Archeologists, linguists, and historians have spent centuries piecing together fragmented clues left by the once-dominant indigenous culture of Mesoamerica. The beautiful chain of Mayan art, culture, and ancient religions was battered if not broken by Spanish conquerors and forced reeducation by European colonizers even as the Maya people remained a sizeable population within Mexico, Guatemala, Honduras, and other Central American countries.

Understanding the inner lives of any ancient culture necessarily requires deciphering the beliefs and faiths that tied those societies together. When told through museums, those stories often focus on the perspective of the people who worshiped their respective gods. The Kimbell Art Museum takes a different tact with Lives of the Gods: Divinity in Maya Art, an exhibit presented in partnership with the Metropolitan Museum of Art in New York City. The nearly 100 pieces — some only recently discovered — reveal the inner lives of divine creatures who experienced life cycles, albeit on colossal timescales, just like the mortals who built temples and shrines to worship higher powers.

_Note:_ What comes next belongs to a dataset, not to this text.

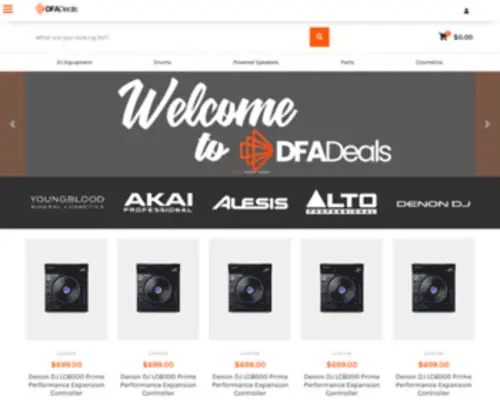 Dfadeals.com(Direct For All Deals) Screenshot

Looming several feet high, a massive stone slab engraved with the likeness Yuknoom Yich’aak K’ahk’ greets visitors. The ancient Maya ruler resplendently garbed in a serpentine headdress gazes eastward, toward “Censer stands,” ceramic bowls dating to the time of Yich’aak K’ahk’ himself. During his lifetime, the ruler may well have seen the ornate towers — a succession of heads of various Mayan gods — used in religious ceremonies where plumes of smoke, along with food, drink, music, prayer, and dance, sought to appease gods who controlled the climate and gifted crop yields.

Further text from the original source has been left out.